Beveelt overeenkomstig het bepaalde in artikel 27 van het Wetboek van Strafrecht dat de tijd, door de veroordeelde voor de tenuitvoerlegging van deze uitspraak in verzekering (en voorlopige hechtenis) doorgebracht, geheel in mindering zal worden gebracht.
De beslissing op de vordering van de benadeelde partij [slachtoffer].
Wijst de vordering van de benadeelde partij toe.
- Veroordeelt de veroordeelde tegen kwijting aan [slachtoffer], te betalen € 6.786,- (zesduizend zevenhonderdzesentachtig euro), vermeerderd met de wettelijke rente vanaf 31 mei 2006 tot aan de dag der algehele voldoening.
- Veroordeelt de veroordeelde tevens in de kosten door de benadeelde partij gemaakt, tot op heden vooralsnog begroot op nihil en in de kosten ten behoeve van de tenuitvoerlegging van deze uitspraak nog te maken.
Maatregel van schadevergoeding
- Legt op aan veroordeelde de verplichting aan de Staat ten behoeve van het slachtoffer [slachtoffer], te betalen € 6.786,- (zesduizend zevenhonderdzesentachtig euro), vermeerderd met de wettelijke rente vanaf 31 mei 2006 tot aan de dag der algehele voldoening, bij gebreke van volledige betaling en volledig verhaal van de hoofdsom te vervangen door hechtenis voor de duur van 68 dagen, met dien verstande dat de toepassing van de vervangende hechtenis de hiervoor opgelegde verplichting niet opheft.
- Bepaalt daarbij dat voldoening van de ene betalingsverplichting de andere doet vervallen.
Aldus gewezen door:
Mr. T.P.E.E. van Groeningen (voorzitter), mr. E. de Boer en mr. N.K. van den Dungen-Dijkstra, rechters,in tegenwoordigheid van mr. Y. Rikken, griffier
en uitgesproken ter openbare terechtzitting van deze rechtbank op 3 september 2012.

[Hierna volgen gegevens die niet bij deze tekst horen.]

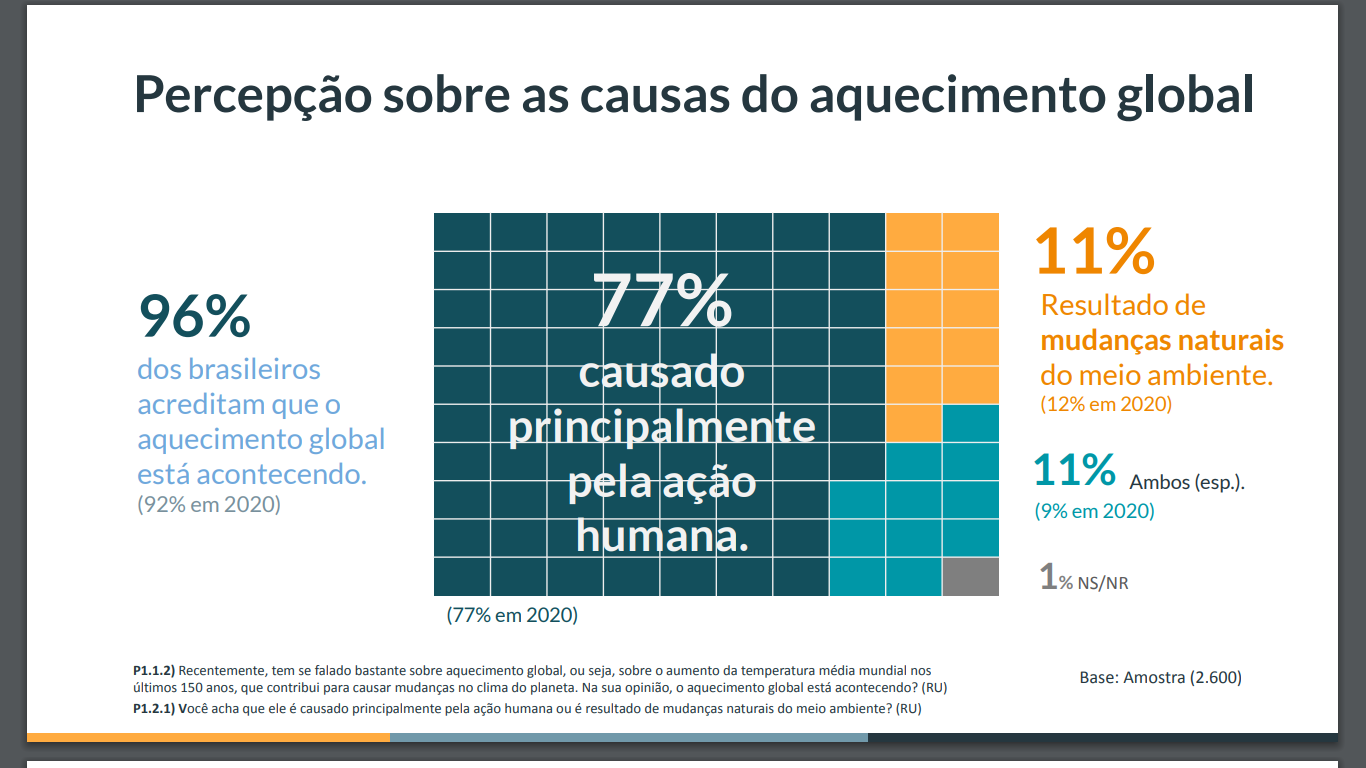 Among Brazilians, 96% believe global warming is happening, 77% agree that human activity is inducing climate change, while only 11% see it as a natural process of Earth.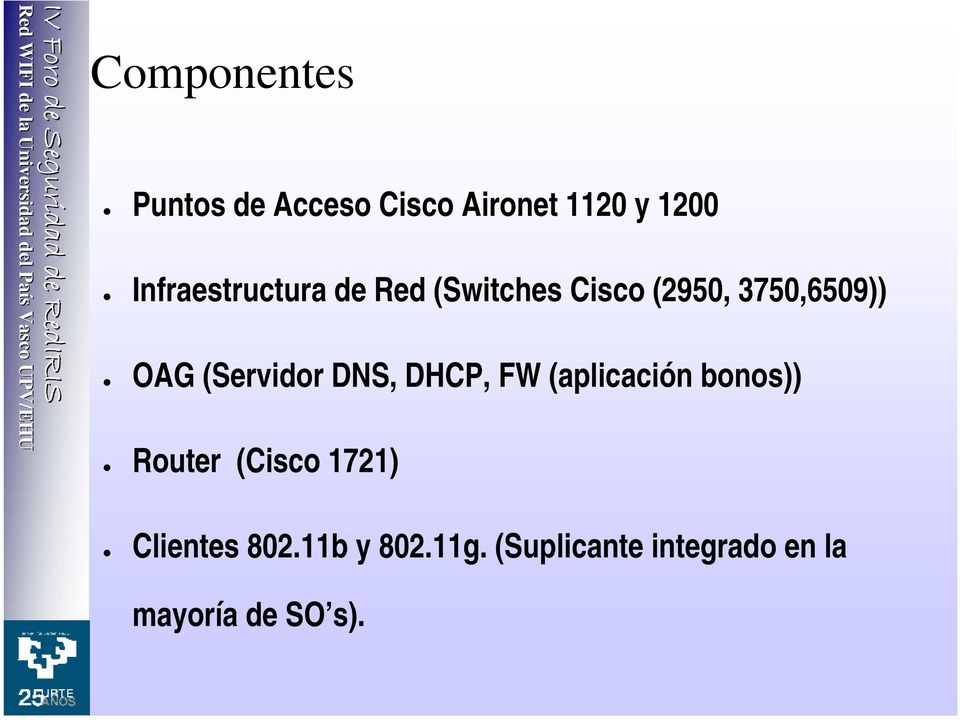 (Servidor DNS, DHCP, FW (aplicación bonos)) Router (Cisco 1721)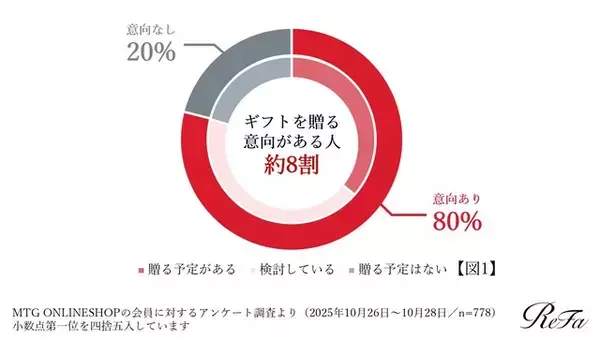 「ホリデーギフトの予算はいくら？自分へのギフトに、1万～5万円を検討する人が6割」の画像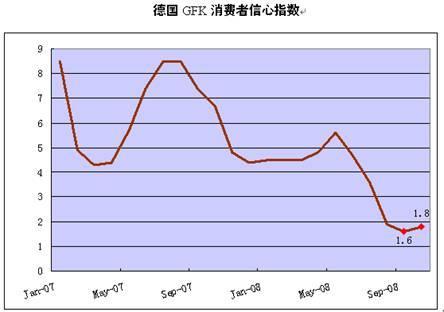 G7口头警告收效甚微 欧系货币反弹乏力(组图)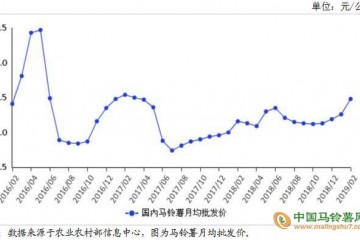 库薯扫尾 3月薯价看跌 ()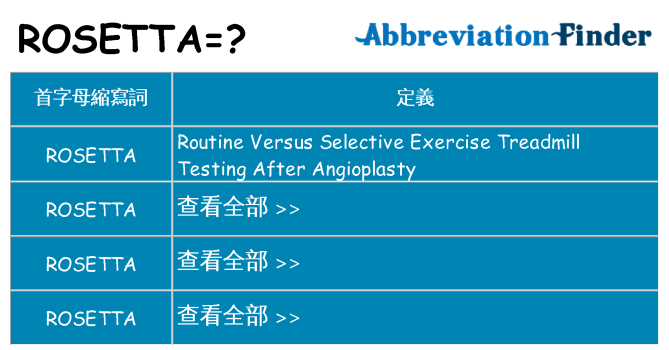 rosetta 代表什麼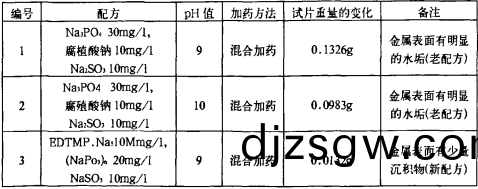 生物質鍋鑪 生(sheng)物(wu)質鍋(guo)鑪(lu)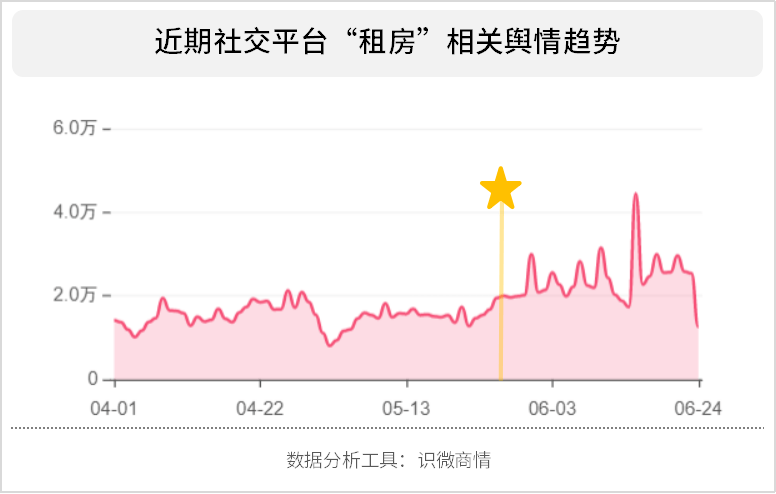 租房app排行_毕业季,要租房的同学看过来→精品研究院租房APP网络热度排行榜
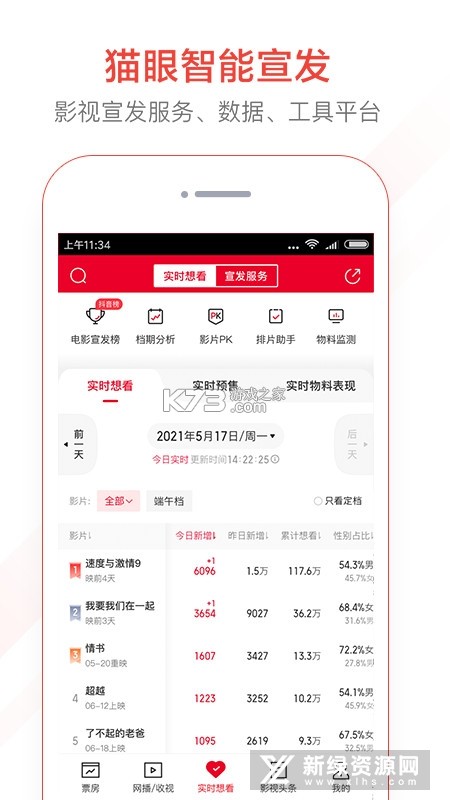 猫眼专业版实时票房查询教程 猫眼专业版实时票房查询教程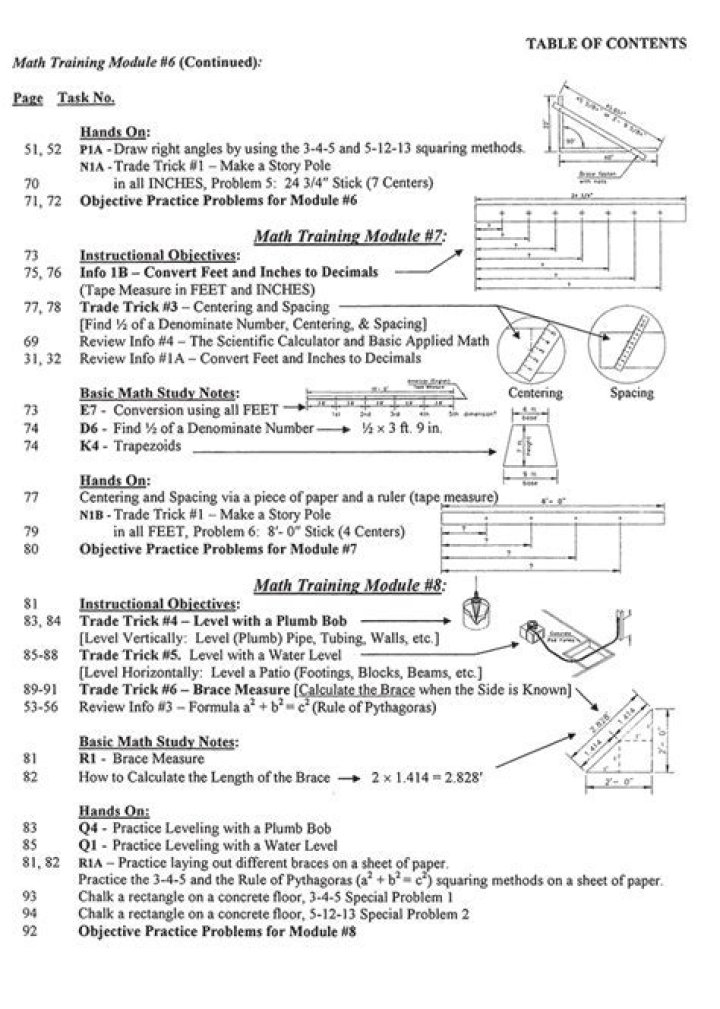 Welding Math Worksheets PDF for Practice & Exam Prep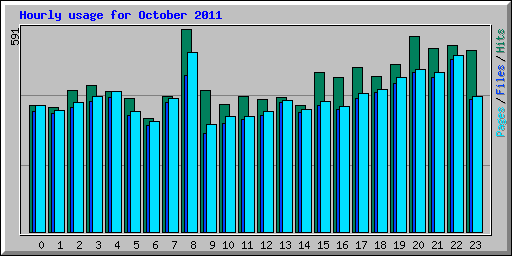 Hourly usage for October 2011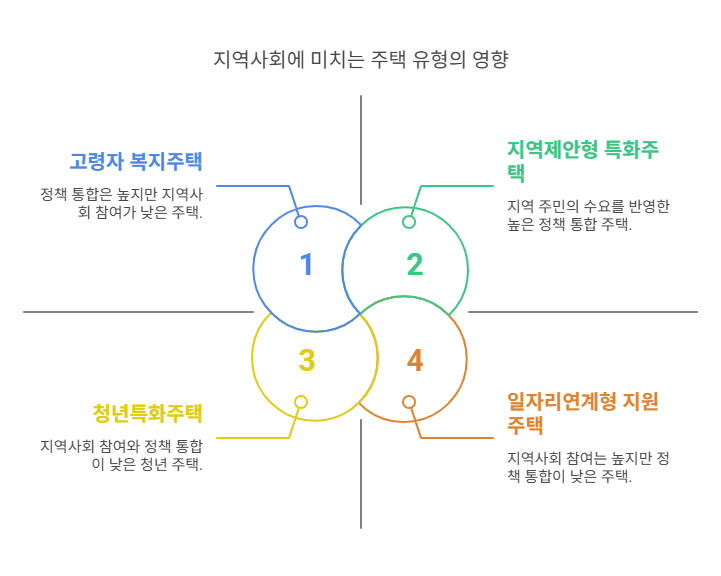 '청년·고령자·중소기업 근로자 등을 위한 맞춤형 특화주택' 공모 내용 분석의 썸네일 이미지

1 Het bewijs is terug te vinden in het in de wettelijke vorm door verbalisanten van de regiopolitie Gelderland-zuid, divisie COZ , opgemaakte proces-verbaal, dossiernummer PL084A 2009057532, gesloten op 14 mei 2010 en in de bijbehorende in wettelijke vorm opgemaakte processen-verbaal en overige schriftelijke bescheiden, tenzij anders vermeld. De vindplaatsvermeldingen verwijzen naar de pagina's van het doorgenummerde dossier, tenzij anders vermeld.